(Captioned web images)
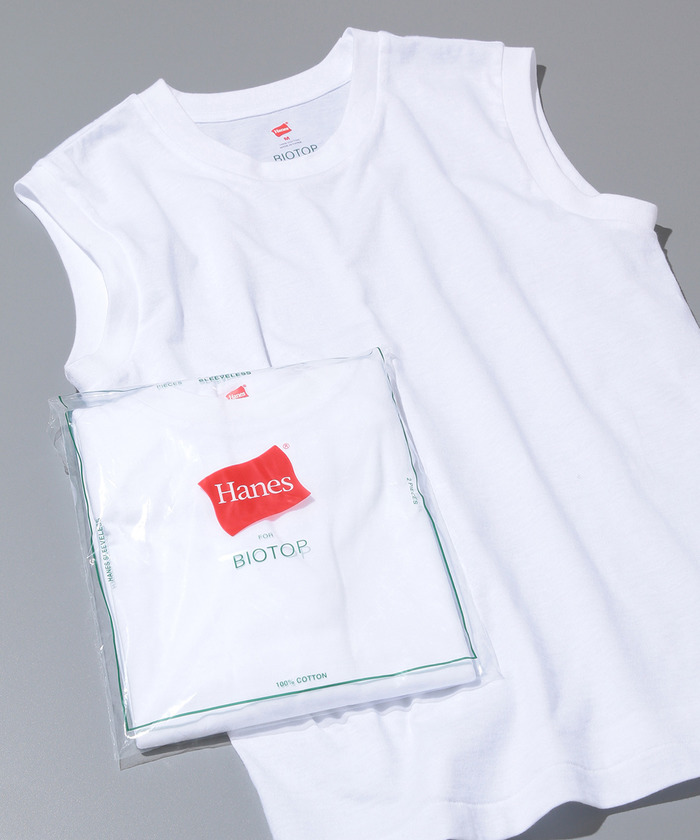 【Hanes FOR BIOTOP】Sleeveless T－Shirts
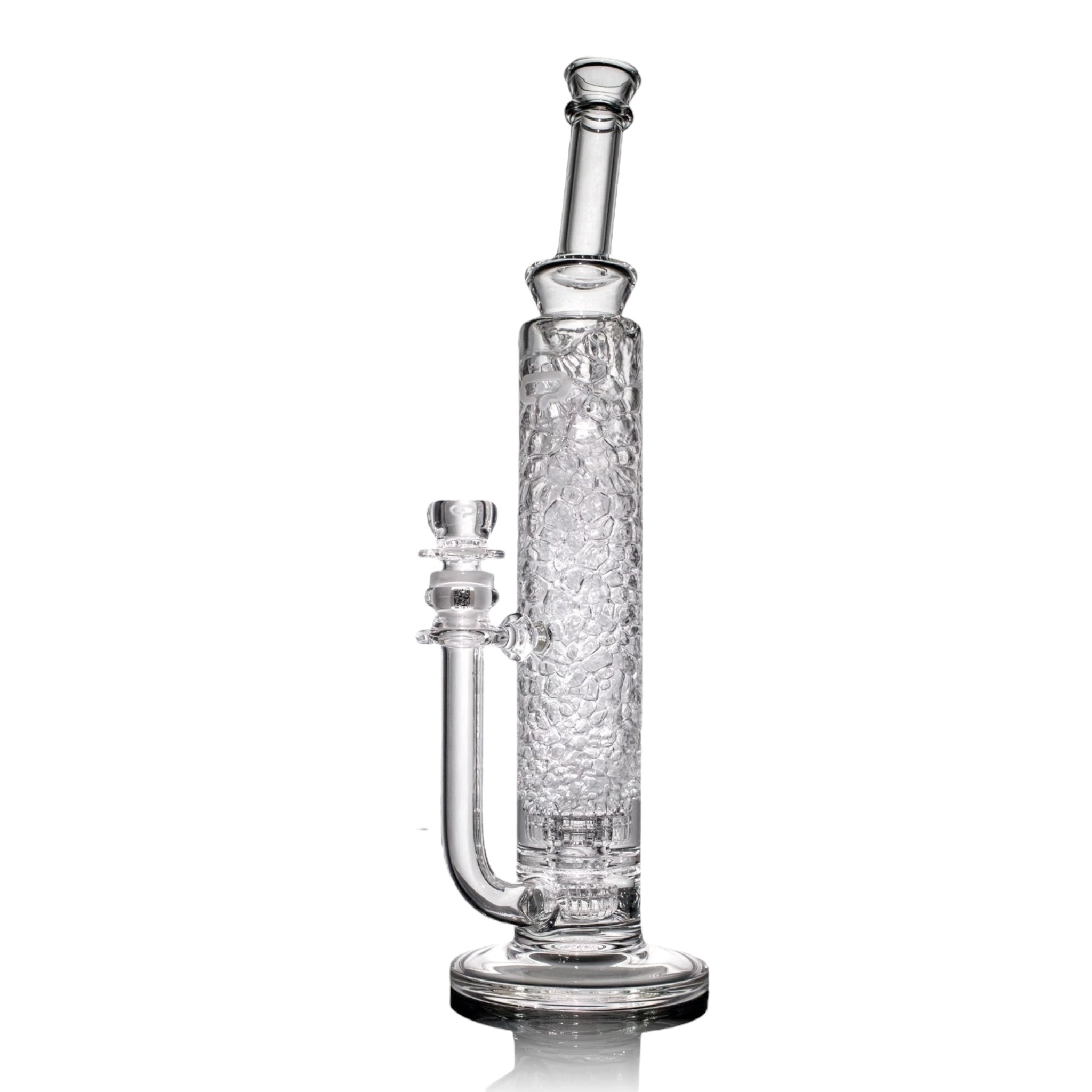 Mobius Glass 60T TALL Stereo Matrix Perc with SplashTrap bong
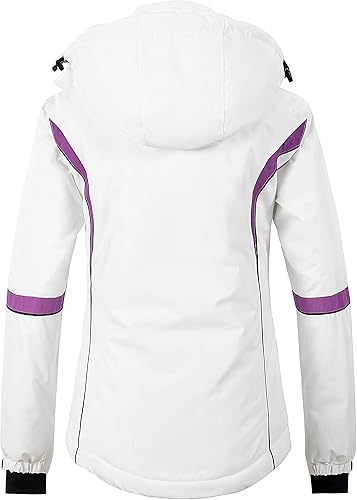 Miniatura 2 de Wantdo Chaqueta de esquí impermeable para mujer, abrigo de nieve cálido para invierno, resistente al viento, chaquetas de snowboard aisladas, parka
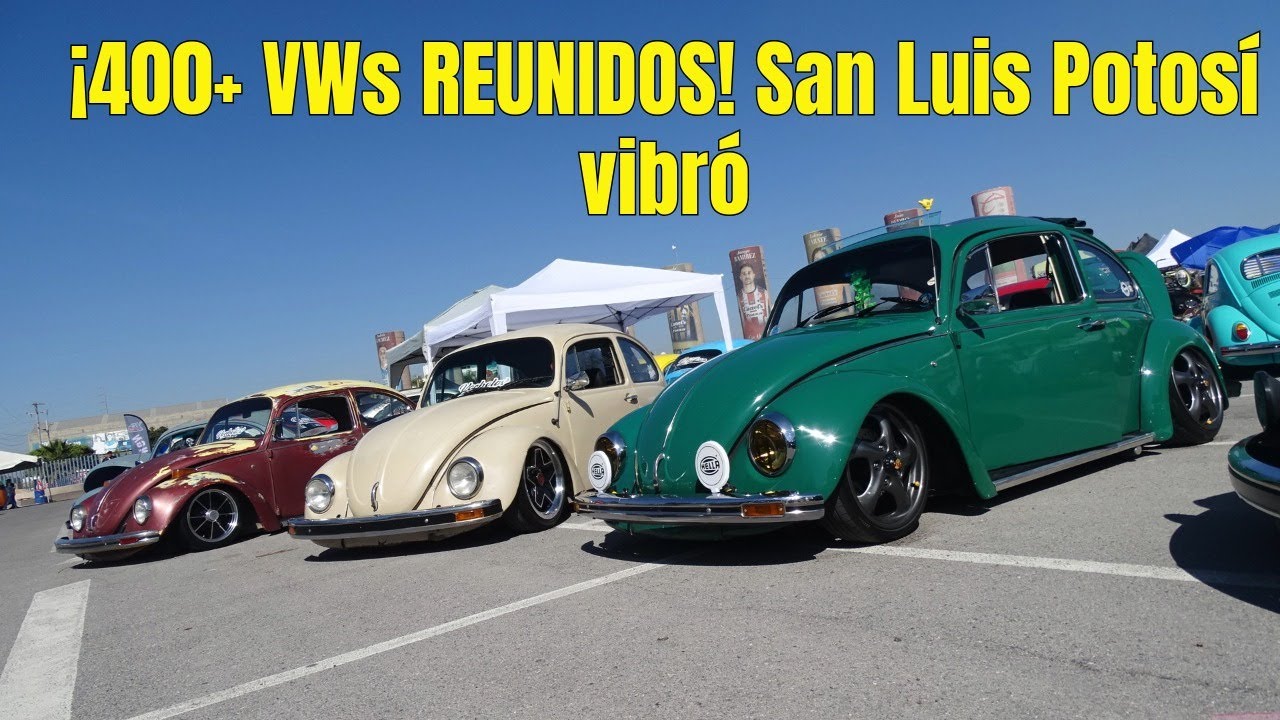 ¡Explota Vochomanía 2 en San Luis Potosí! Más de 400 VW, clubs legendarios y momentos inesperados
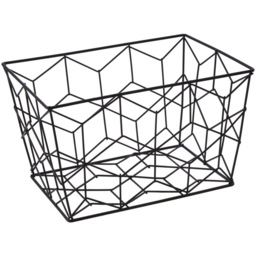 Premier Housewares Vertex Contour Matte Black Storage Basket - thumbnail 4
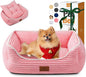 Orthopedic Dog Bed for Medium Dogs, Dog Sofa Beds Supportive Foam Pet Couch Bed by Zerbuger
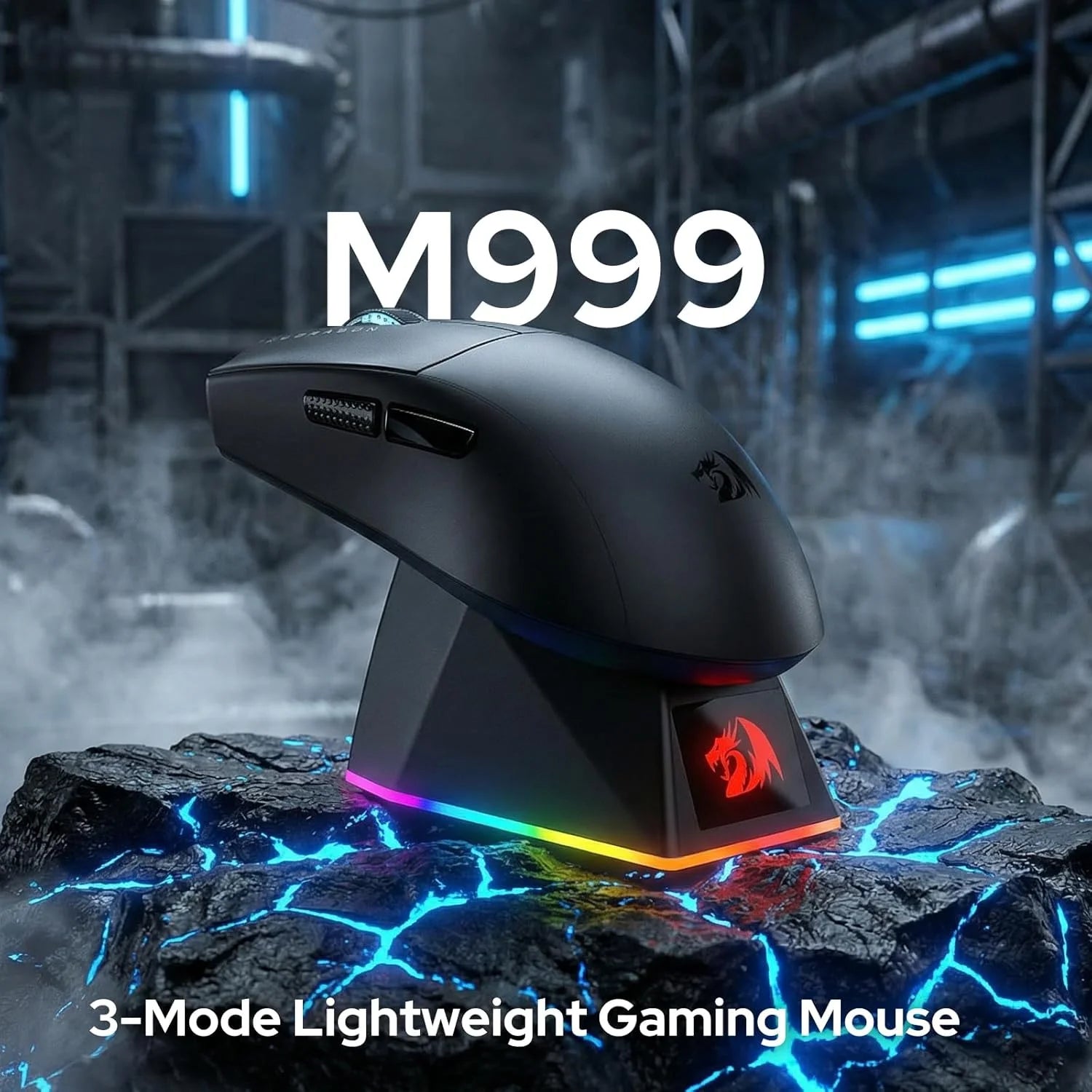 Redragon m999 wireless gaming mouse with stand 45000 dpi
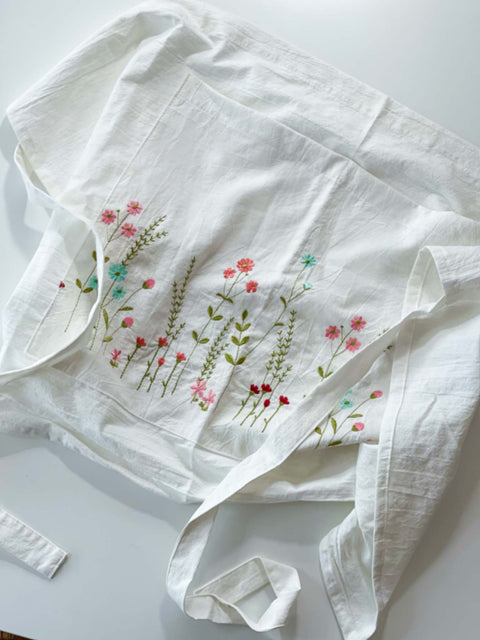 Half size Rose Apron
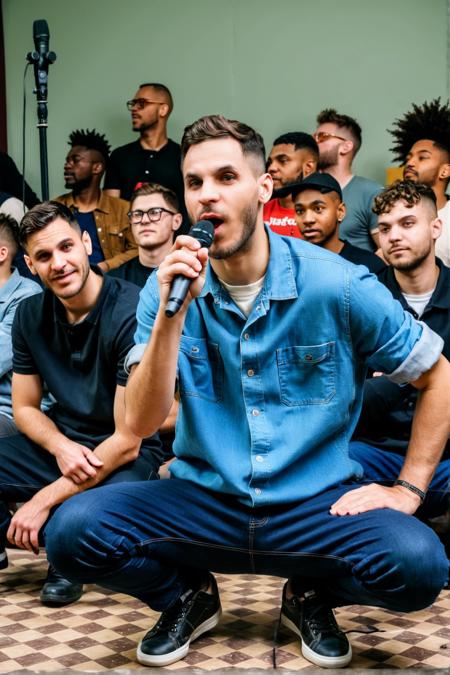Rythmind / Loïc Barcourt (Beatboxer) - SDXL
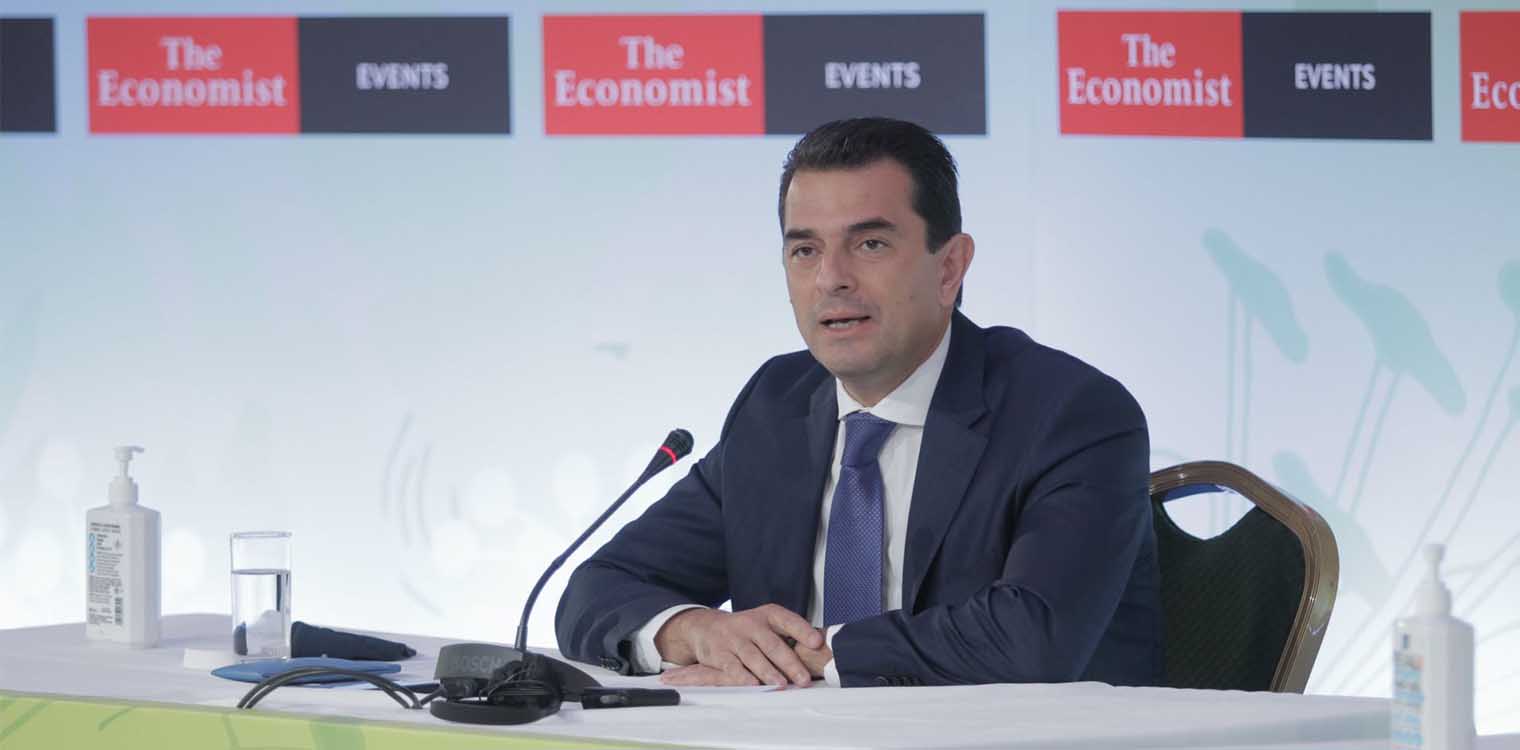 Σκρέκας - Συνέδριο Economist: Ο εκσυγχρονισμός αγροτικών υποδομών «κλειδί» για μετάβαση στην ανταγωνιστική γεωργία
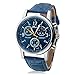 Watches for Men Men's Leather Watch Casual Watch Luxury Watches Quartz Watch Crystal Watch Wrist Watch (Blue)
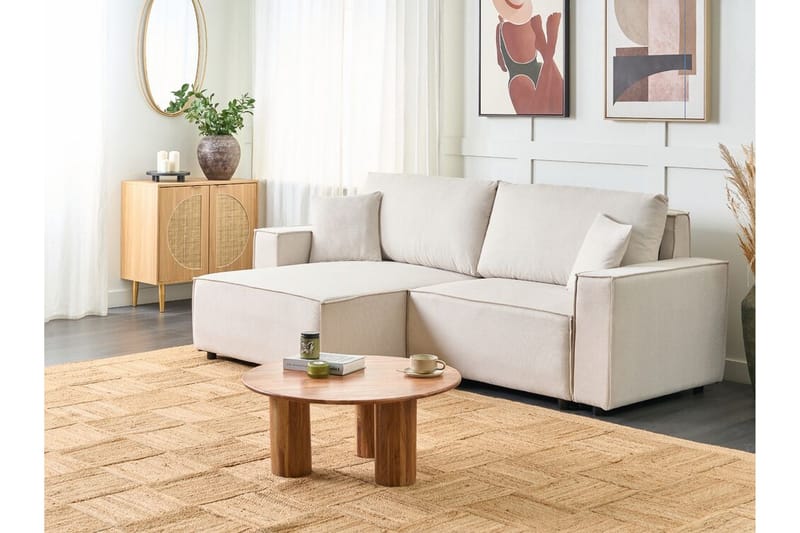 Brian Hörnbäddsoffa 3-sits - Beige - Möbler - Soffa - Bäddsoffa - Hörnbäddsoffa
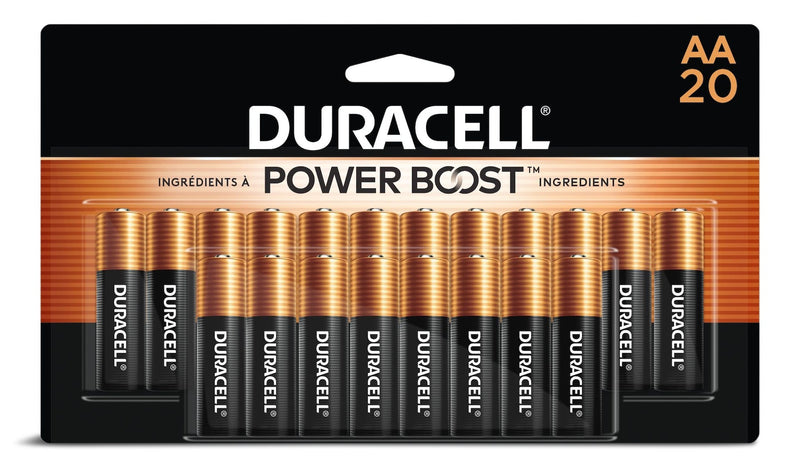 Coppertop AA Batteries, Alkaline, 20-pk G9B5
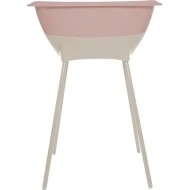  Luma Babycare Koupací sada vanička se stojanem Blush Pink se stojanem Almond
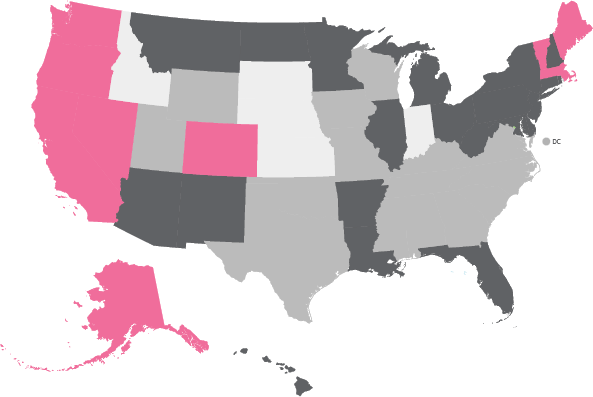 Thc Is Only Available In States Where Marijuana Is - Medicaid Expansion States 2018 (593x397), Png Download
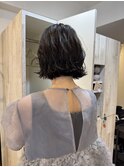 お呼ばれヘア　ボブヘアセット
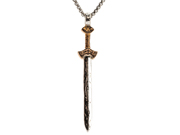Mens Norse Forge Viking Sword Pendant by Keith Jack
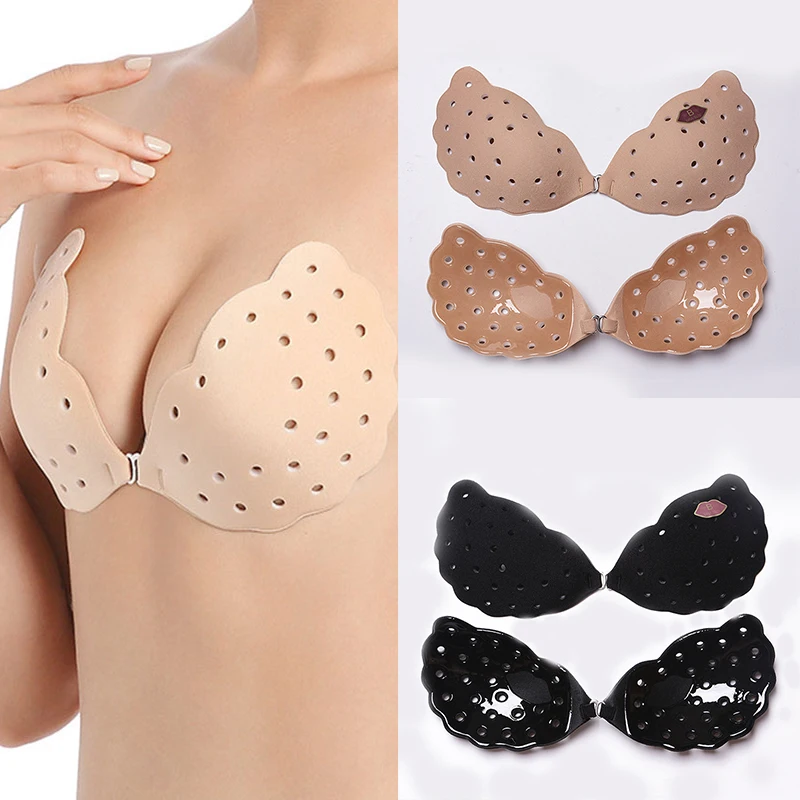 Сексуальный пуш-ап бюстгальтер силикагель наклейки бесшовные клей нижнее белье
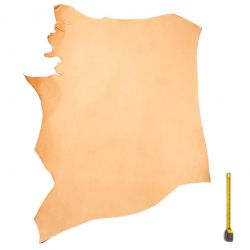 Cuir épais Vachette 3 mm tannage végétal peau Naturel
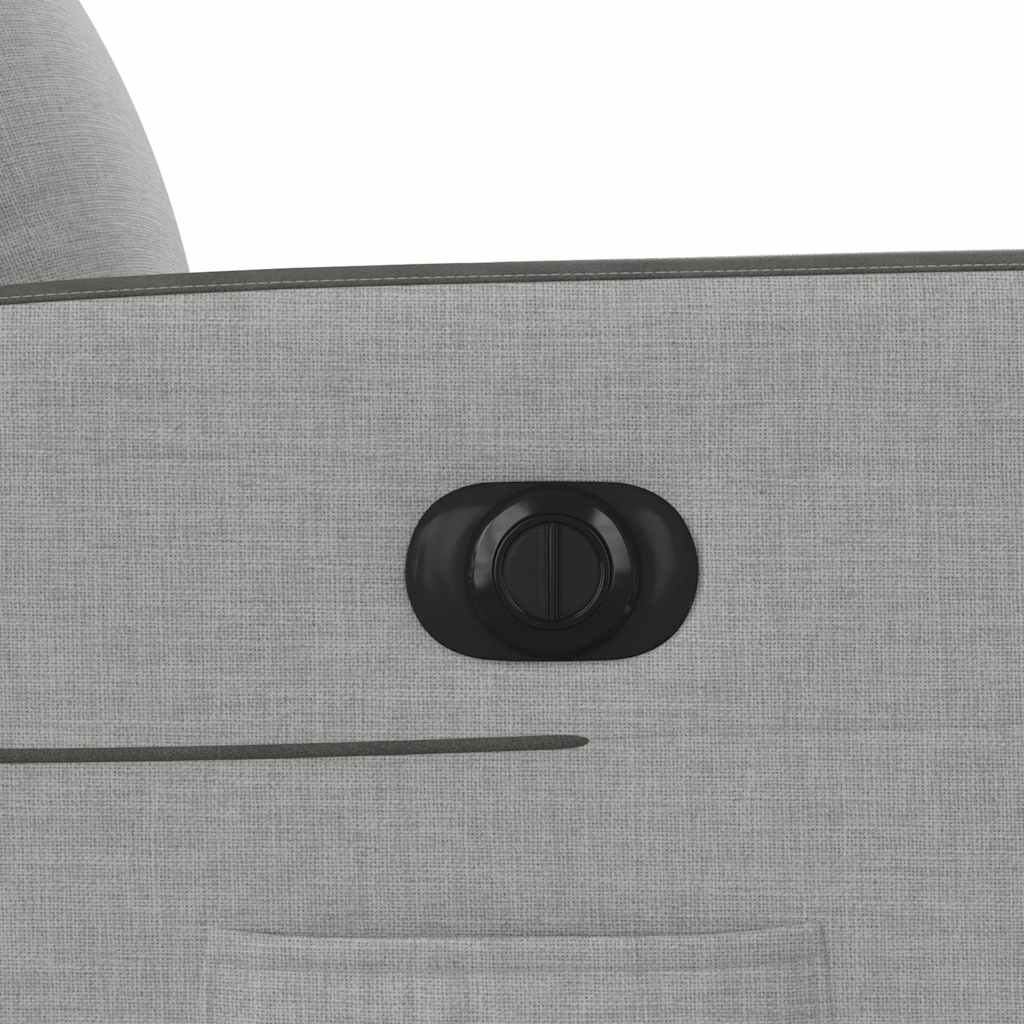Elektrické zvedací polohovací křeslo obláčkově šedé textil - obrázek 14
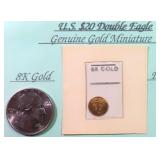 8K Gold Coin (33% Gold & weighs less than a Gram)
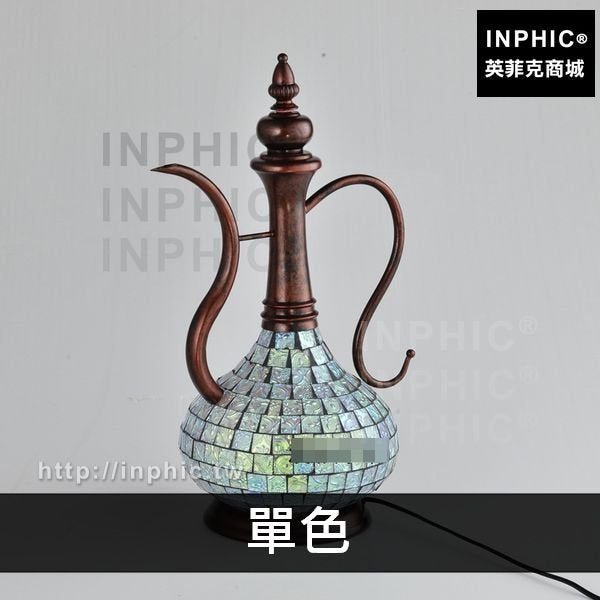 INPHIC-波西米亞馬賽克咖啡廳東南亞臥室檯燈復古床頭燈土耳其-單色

**Problem requirements:** Only the lines from the top of the records through the line with "Σκρέκας - Συνέδριο" belong in the copy; write them out exactly, leaving out pictures.

**Exercise response:**
 【Hanes FOR BIOTOP】Sleeveless T－Shirts
 Mobius Glass 60T TALL Stereo Matrix Perc with SplashTrap bong
 Miniatura 2 de Wantdo Chaqueta de esquí impermeable para mujer, abrigo de nieve cálido para invierno, resistente al viento, chaquetas de snowboard aisladas, parka
 ¡Explota Vochomanía 2 en San Luis Potosí! Más de 400 VW, clubs legendarios y momentos inesperados
 Premier Housewares Vertex Contour Matte Black Storage Basket - thumbnail 4
 Orthopedic Dog Bed for Medium Dogs, Dog Sofa Beds Supportive Foam Pet Couch Bed by Zerbuger
 Redragon m999 wireless gaming mouse with stand 45000 dpi
 Half size Rose Apron
Rythmind / Loïc Barcourt (Beatboxer) - SDXL
 Σκρέκας - Συνέδριο Economist: Ο εκσυγχρονισμός αγροτικών υποδομών «κλειδί» για μετάβαση στην ανταγωνιστική γεωργία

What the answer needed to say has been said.